If parents want to change things, it's actually quite a quick process. Parents need to work together and support each other, as it can feel awful for them. It's much worse for the parents through the changes than it is for the child.
At age two a child can understand what's expected and that's where I would start. Explain in simple terms what's going to happen at bedtime.
It's really important to have a strict bedtime routine at this stage and to stick to it. This could be teatime, a drink of milk, a bath, teeth, pyjamas on and into bed and then story time. By sticking to the routine the child knows what's coming and what's expected.
The parent should then say night, night, time to go to sleep now.
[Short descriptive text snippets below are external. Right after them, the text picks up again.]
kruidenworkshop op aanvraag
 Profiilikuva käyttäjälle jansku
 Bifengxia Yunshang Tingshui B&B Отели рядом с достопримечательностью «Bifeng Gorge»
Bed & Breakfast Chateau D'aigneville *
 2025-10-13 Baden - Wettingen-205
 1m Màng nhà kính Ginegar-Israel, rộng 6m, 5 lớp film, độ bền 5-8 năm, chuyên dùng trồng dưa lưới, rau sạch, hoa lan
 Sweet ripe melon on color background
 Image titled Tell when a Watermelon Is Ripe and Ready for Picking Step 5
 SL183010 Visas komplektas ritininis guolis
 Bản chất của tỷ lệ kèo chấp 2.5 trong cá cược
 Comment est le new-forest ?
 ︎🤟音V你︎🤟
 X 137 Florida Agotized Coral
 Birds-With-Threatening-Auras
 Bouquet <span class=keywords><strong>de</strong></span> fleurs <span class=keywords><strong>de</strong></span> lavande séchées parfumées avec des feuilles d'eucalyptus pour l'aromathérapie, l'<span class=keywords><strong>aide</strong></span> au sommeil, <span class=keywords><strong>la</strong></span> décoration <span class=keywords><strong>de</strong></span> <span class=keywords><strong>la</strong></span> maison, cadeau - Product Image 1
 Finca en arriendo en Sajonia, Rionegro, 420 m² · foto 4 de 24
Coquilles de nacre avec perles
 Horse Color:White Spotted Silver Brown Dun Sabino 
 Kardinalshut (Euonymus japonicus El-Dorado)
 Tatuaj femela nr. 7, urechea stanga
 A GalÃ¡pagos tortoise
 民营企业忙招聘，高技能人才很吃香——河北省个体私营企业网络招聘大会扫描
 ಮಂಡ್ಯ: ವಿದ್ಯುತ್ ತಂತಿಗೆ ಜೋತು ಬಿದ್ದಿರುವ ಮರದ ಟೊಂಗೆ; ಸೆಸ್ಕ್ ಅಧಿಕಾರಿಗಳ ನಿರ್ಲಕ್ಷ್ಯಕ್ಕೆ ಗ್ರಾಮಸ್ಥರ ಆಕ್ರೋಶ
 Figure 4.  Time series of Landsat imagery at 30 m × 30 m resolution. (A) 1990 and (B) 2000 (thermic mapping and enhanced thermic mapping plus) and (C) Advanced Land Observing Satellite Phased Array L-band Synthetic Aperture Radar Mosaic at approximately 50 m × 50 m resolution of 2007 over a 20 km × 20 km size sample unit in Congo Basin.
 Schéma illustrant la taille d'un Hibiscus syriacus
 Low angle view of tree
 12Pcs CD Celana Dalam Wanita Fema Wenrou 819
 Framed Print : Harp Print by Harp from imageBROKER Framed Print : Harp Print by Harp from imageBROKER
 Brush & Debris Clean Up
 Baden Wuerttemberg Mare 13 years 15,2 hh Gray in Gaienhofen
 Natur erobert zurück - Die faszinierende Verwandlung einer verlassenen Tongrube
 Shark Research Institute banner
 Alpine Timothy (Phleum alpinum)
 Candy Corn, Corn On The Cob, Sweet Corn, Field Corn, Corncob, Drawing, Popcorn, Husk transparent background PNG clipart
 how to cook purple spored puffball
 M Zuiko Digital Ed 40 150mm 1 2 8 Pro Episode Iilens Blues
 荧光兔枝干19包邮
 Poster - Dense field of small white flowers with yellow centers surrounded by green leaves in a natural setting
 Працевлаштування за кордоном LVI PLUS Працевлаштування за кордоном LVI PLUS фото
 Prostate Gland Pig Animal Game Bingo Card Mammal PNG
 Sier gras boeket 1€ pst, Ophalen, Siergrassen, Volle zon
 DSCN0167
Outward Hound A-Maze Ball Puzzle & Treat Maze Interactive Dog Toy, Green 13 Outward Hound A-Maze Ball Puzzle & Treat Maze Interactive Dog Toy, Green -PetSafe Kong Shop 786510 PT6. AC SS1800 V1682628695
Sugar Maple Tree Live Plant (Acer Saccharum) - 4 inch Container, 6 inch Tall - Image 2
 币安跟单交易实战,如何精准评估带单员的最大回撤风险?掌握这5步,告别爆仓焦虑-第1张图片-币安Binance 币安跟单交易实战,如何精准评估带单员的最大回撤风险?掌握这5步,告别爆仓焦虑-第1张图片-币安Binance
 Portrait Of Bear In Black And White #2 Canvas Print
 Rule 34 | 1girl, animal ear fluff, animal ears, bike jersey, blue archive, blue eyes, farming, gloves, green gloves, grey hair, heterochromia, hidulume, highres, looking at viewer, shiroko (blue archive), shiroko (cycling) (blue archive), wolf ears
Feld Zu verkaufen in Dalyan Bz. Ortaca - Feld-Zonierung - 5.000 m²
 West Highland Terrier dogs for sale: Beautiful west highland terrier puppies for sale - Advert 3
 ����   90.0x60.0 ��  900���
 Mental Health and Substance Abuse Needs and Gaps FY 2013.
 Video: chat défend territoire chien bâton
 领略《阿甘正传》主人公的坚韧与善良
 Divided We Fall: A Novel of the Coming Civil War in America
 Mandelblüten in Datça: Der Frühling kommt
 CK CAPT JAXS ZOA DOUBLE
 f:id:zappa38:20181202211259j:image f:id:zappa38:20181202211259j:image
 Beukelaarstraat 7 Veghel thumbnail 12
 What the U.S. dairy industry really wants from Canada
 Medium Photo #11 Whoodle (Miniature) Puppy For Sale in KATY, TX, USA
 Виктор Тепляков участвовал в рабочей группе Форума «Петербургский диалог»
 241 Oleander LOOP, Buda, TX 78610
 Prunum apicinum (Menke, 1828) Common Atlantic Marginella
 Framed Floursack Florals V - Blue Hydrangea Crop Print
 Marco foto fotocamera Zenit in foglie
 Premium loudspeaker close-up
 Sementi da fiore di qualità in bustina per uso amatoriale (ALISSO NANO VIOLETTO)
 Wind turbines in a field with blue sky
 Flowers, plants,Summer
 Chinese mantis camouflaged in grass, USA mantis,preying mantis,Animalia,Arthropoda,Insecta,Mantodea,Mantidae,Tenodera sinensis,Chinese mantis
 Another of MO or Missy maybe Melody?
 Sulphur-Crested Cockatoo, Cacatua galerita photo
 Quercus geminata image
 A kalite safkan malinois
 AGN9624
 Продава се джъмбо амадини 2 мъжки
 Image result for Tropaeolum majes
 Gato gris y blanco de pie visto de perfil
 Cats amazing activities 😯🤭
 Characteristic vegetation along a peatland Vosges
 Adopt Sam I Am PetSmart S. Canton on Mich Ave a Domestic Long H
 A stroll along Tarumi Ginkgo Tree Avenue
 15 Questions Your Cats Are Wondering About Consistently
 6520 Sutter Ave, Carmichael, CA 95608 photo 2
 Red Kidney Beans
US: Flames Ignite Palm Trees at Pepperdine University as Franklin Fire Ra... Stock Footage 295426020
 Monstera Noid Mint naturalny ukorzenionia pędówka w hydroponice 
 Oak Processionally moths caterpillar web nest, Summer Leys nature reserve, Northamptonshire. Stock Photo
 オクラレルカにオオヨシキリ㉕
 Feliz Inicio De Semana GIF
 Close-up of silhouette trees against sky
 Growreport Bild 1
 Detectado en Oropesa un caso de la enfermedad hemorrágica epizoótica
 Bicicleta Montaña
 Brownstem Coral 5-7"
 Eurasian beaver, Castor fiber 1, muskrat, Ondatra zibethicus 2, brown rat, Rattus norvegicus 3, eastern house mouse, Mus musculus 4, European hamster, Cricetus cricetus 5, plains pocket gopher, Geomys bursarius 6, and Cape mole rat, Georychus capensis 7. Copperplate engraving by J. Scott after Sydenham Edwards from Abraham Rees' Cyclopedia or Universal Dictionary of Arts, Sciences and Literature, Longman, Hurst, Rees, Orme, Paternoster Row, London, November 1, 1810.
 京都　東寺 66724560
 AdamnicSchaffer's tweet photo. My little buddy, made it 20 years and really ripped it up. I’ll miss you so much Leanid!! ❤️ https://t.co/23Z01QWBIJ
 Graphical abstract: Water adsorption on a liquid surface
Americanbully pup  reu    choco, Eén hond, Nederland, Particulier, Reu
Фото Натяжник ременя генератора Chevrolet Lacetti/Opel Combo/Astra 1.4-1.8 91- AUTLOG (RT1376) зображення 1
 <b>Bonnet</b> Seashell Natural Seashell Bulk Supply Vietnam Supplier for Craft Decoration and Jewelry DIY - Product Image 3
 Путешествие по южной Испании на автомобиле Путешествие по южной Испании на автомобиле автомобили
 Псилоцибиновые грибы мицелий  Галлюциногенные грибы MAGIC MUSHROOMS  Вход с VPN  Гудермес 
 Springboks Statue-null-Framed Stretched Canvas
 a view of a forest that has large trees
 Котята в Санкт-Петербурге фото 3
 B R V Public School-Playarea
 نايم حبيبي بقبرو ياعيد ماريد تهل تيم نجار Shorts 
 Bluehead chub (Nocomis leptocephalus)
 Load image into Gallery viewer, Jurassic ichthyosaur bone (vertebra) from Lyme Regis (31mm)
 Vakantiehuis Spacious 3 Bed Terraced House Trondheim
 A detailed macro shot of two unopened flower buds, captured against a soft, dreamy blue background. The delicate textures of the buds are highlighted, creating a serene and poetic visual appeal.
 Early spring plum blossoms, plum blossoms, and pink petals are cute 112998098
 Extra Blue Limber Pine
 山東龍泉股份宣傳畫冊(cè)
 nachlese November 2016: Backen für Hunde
If the child gets out of bed they should be put back in calmly without any fuss whatsoever. The parent should then leave the room.
This will have to be repeated many times but eventually a child will get tired and will go to sleep. It's essential to stay calm throughout and keep putting the child back in bed. Have a set phrase, night, night, time to go to sleep now. Don't enter into any other dialogue with the child and don't look at them. The idea is to be as boring as possible and to not reward the child in any way for their behaviour.
Some children become hysterical and may even be sick, which is extremely difficult to get through. Again, keep calm and stick to the routine.
If the child wakes in the night, repeat as above. The first night will be horrendous but over subsequent nights the resistance from the child will reduce. If both parents stick to this routine the child will start sleeping in their own bed.
Children thrive if their parents are consistent with them and set the boundaries, along with lots of love and positive attention.